A database was developed of all the macro drivers to calculate the market impact of the technologies. For each technology, these drivers included the following:
- Sector (commercial or residential) and building segments (e.g., office, retail, single-family dwellings, etc.) to which the technology would apply
- End-uses affected by the technology
- Energy used for those end-uses within the applicable building segments
- Fuel shares, specifically the allocation between electricity and non-electric fuels for the heating and domestic hot water end uses
- Applicability of the technology to each segment, e.g., the technical limitation on application of the technology
- Current penetration of the technology
- Potential penetration of the technology by the end of the study period.
The Canadian macro-market analysis includes energy savings and associated greenhouse gas emission reductions expressed as savings in the target year, 2020 relative to a “Business As Usual” base case projection of energy use.
The savings percentage and the factors that account for technical applicability and penetration are applied to the projected “Business As Usual” annual energy consumption for 2020. The total savings presented in the results section are projected energy savings in that target year. They are not accumulated savings.
E.3 RESULTS
Seventy-two T&Ps were studied in detail. Table ES-1 indicates the distribution of these T&Ps according to the categories of “high,” “medium,” “lower,” “special,” and “not a priority”, based on 3 quantitative and qualitative values: potential market level energy savings, economic performance (cost of saved energy), and likelihood of success.
The report documents the U.S. and Canadian macro assessment results separately. The Canadian results are summarized here.
The T&Ps with the greatest potential represent a variety of measure types, from changes in design practice to changes in technology. Changes in design practice offer the largest potential because the savings cut across all end uses, and because of the large number of buildings to which they can be applied. The large impact T&Ps also cut across energy end-uses as significant savings are available from advances in lighting, HVAC systems, motors, and appliances.
The top ten T&Ps, ranked according to macro-market energy savings, are as follows:
#1, PR3, Integrated Commercial Building Design LEED Level (30% > Code)

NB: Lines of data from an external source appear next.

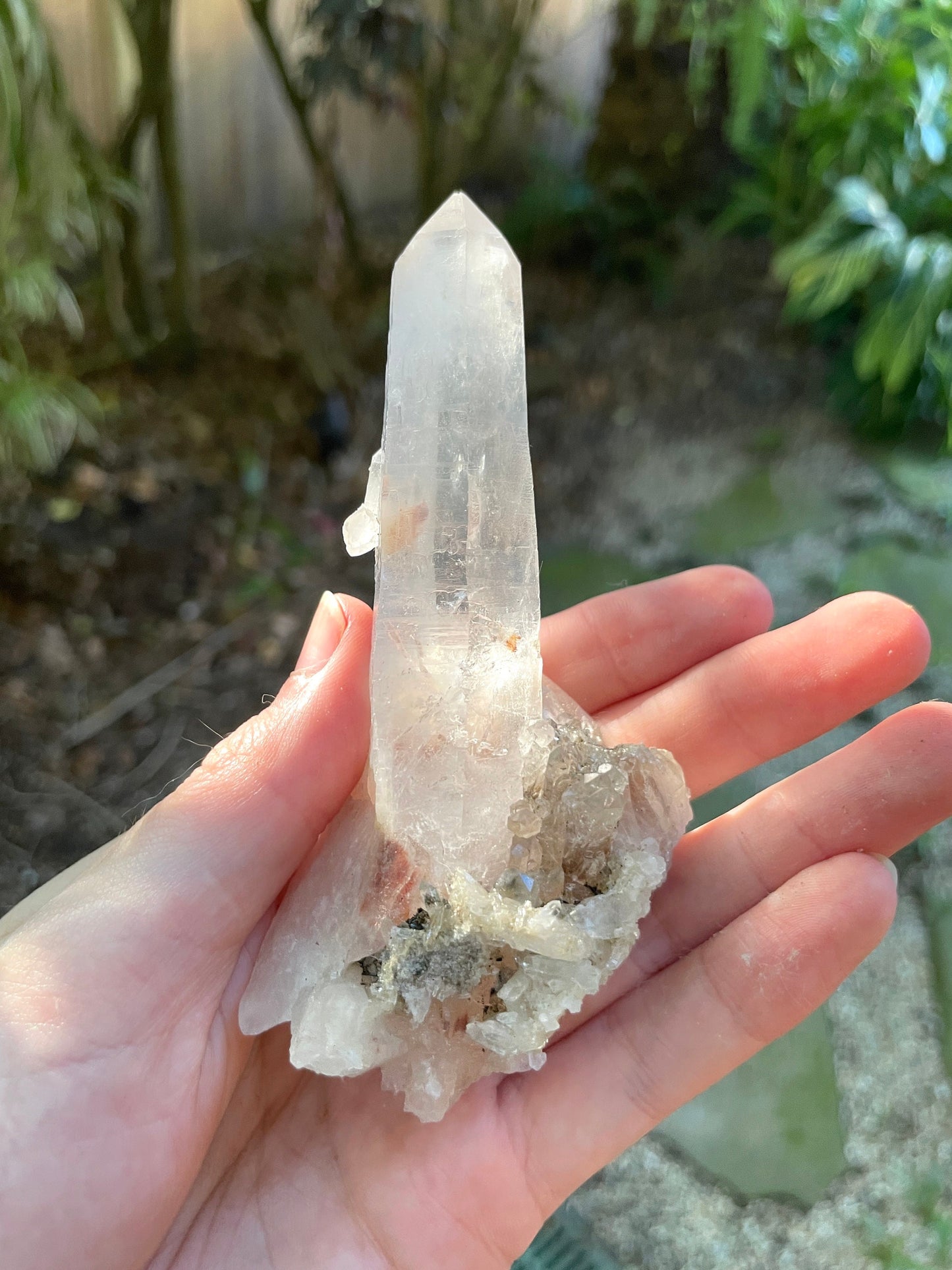 Brazilian Diamantina Quartz Specimen with hematite Minas Gerias, Brazil. 116g, Mineral Crystal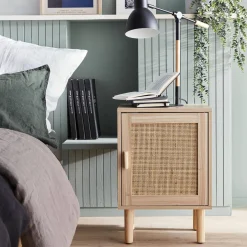 Nachttisch mit Rattan-Geflecht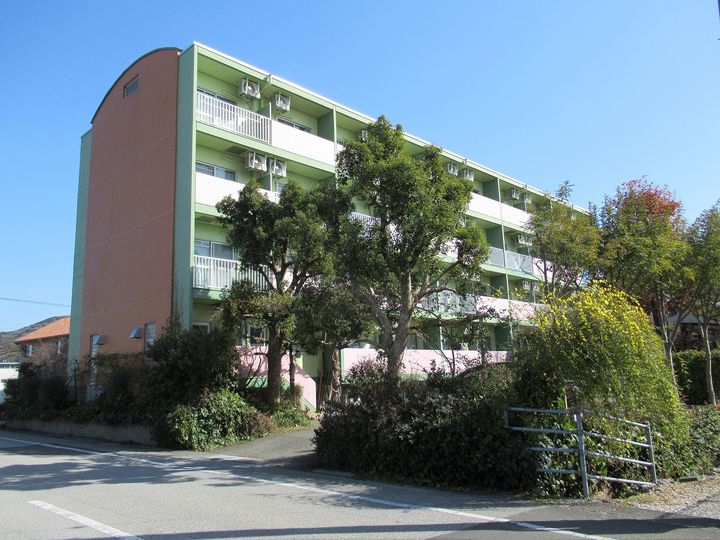 高知県香南市野市町西野(マンション)の賃貸物件の外観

This T&P could save up to 176 PJ in the Canadian commercial sector by 2020. The greatest potential would be in offices (private and public) and retail buildings, because these segments represent the largest percentage of floor space in this sector.

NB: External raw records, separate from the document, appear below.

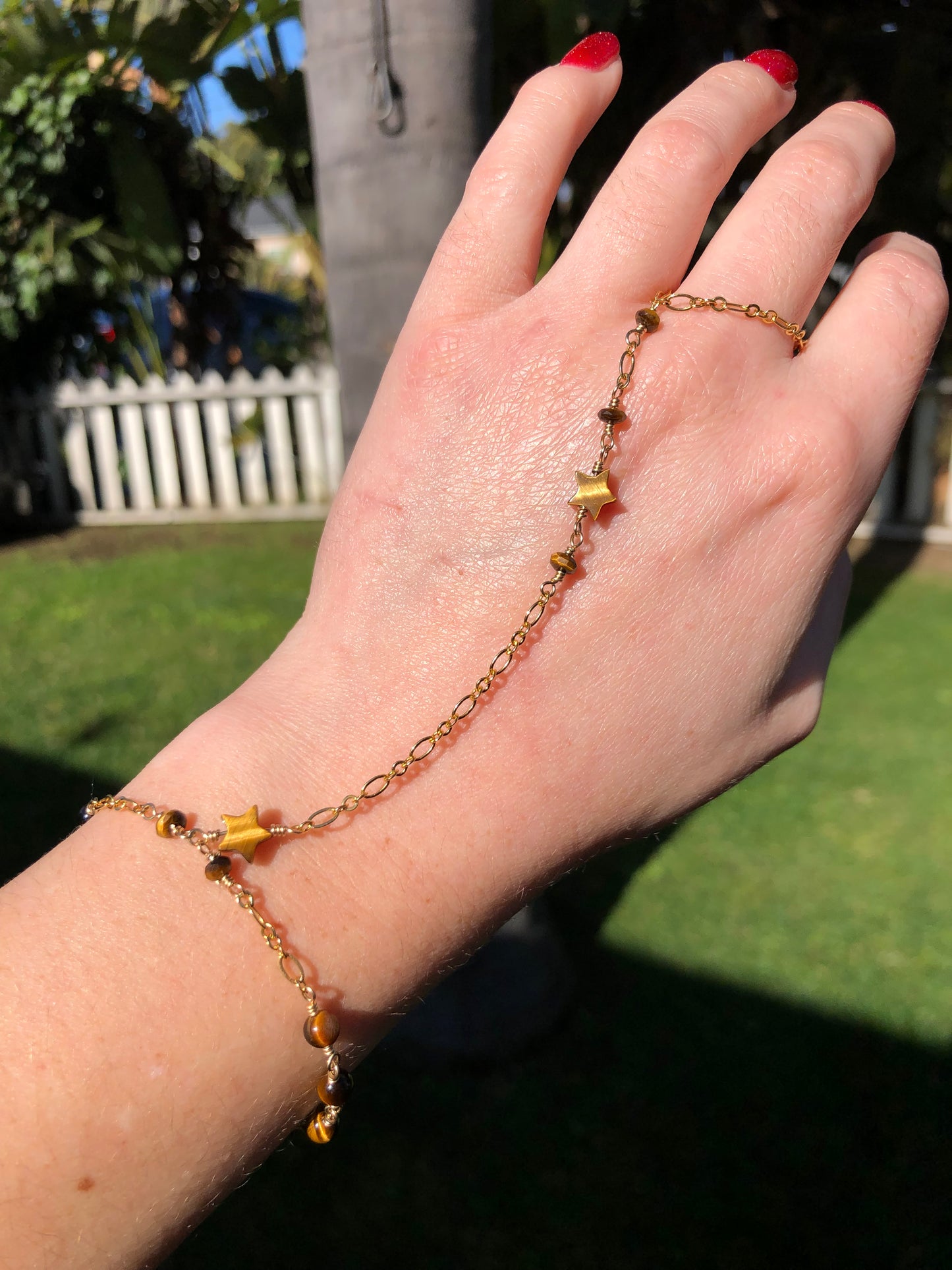 Tiger Star Handchain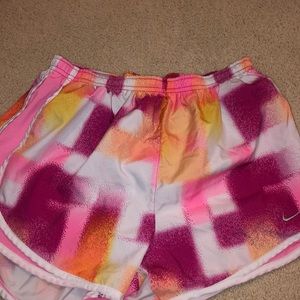 Nike shorts size medium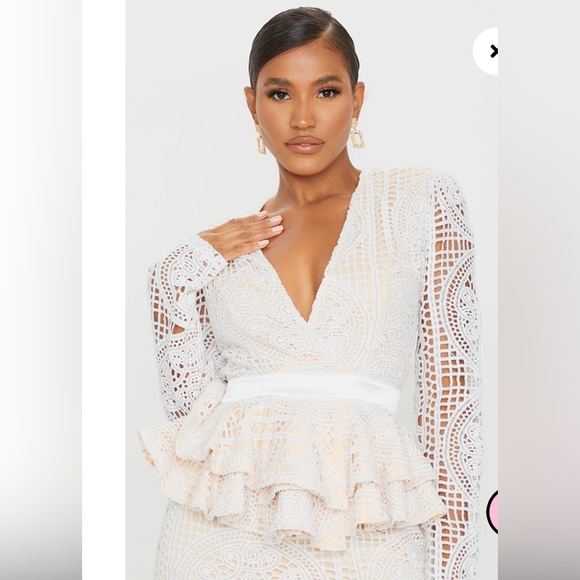 White lace material, plunging neckline, frill hem & figure-hugging fit. … - Picture 4 of 4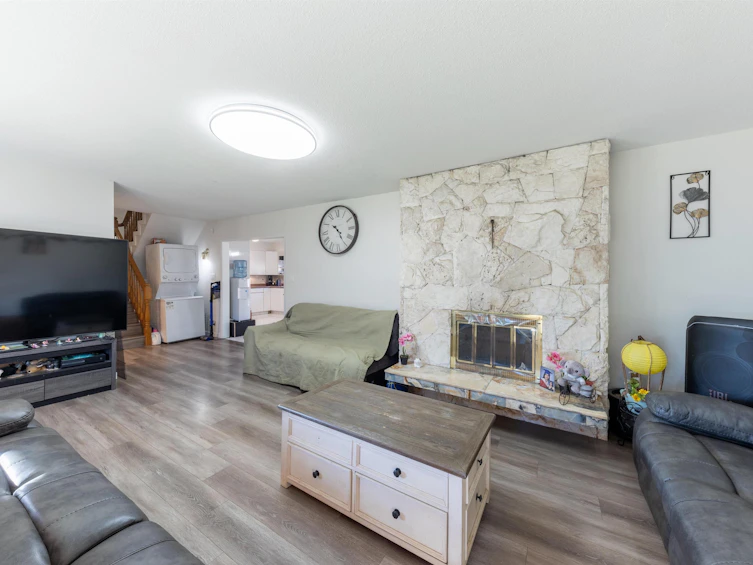 830 Irvine Street, Coquitlam, BC, V3C 4C2 - 7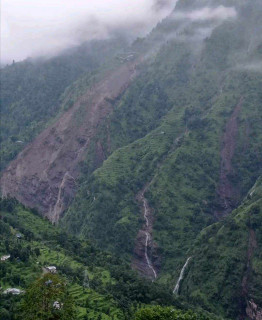मकवानपुरमा पहिराेले घर बगाउँदा एक जनाको मृत्यु, तीन बालबालिकासहित ६ जना बेपत्ता
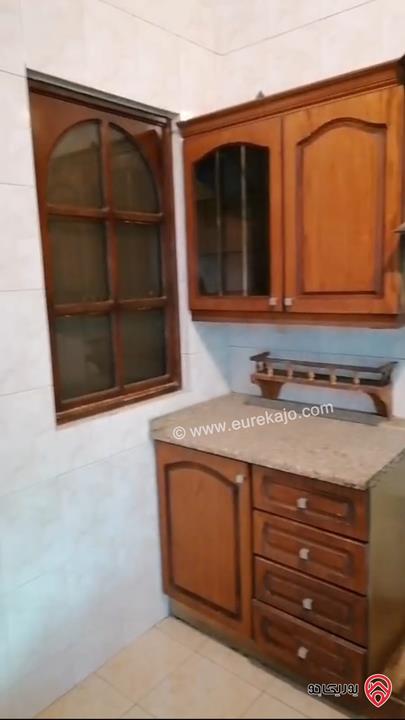 شقة طابق ثاني مساحة 160م للبيع في عمان - ام السماق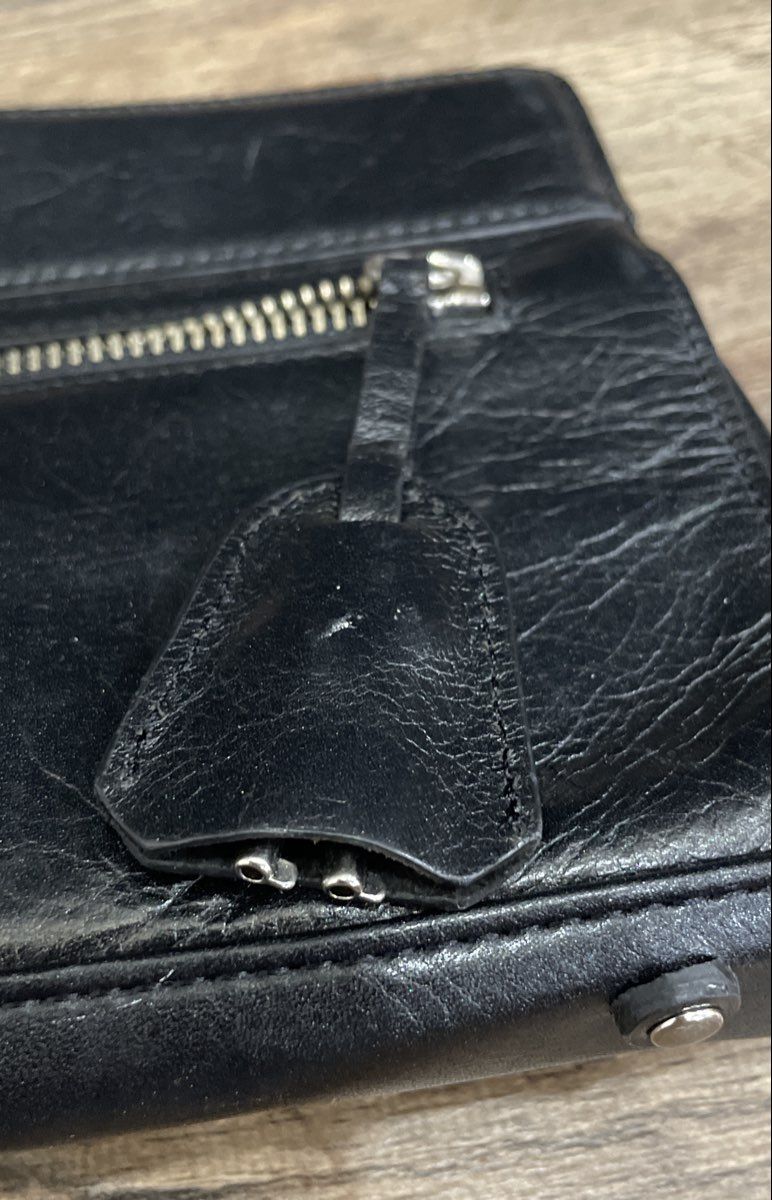 BCBGirls Black Leather Vintage 2000s Money Bag Clutch Handbag Silver Hardware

#2, PR2, Ultra Low Energy Commercial Building Designs (50% > Code)
This T&P would generate significant savings for reasons very similar to those stated under PR1 but the savings per facility would be higher. As with PR3, offices and retail buildings represent the greatest potential.
#3, S1, High Insulation Technology (HIT) Windows (U<0.25)

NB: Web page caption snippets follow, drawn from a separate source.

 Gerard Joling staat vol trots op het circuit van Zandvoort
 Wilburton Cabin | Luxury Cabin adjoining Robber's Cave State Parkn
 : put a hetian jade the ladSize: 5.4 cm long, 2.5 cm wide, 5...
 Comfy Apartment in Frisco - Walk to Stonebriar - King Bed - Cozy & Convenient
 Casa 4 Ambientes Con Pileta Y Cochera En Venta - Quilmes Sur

HIT windows can save up to 20% of the energy used for heating and cooling residences and are technically applicable to any new homes from single family to apartments. Regionally, the greatest savings will occur where winters are the most severe, because nearly 85% of the energy savings are from space heating.
#4, D1, Advanced Appliance Motors
These motors can save up to 60% of the energy used by conventional motors and can be applied to all commercial pumps and to 20%-25% of residential appliances. The greatest potential is in the appliances used in single-family homes.
#5, H20, Advanced Condensing Boilers
These boilers can save up to 33% of the energy used by conventional boilers and they are applicable in all commercial buildings with hydronic systems. The greatest potential exists in offices and retails, because they represent the largest floor space with hydronic systems, but schools and health care facilities also offer large potential.
#6, L15, Scotopic Lighting
This T&P offers significant potential because lighting energy can be reduced by up to 30% in all commercial fluorescent lighting to which the technology is applied. The greatest potential is in offices and retail facilities, because of the large floor space in those categories.
#7, R1, Solid State Refrigeration (Cool Chips™)
This T&P offers a large potential because it could save up to 40% of the energy used for refrigeration and could apply to all commercial and residential refrigeration. The greatest potential is with refrigeration in single-family homes.
#8, W1, Condensing Water Heaters
This T&P offers a large potential because it could save up to 29% of the energy used for domestic hot water in all single-family and mobile homes with non-electric water heating. The greatest potential is in single-family detached homes, because they represent the largest number of dwelling units.
#9, A1, 1-watt Standby Power for Appliances
This T&P offers a large potential because it could save up to 60% of the standby power in all residential appliances and electronic equipment that have standby power. Penetration could be up to 100% of those appliances by 2020.
#10, L14, One-Lamp Linear Fluorescent Fixtures with High Performance Lamps
This T&P offers significant potential because it could save up to 42% of the lighting energy in all fluorescent lighting in offices, schools, and healthcare facilities.
Recommendations and Next Steps for Canada
The Canadian macro-economic analysis leads to the following set of recommended high priority measures, as listed in Exhibit E.2.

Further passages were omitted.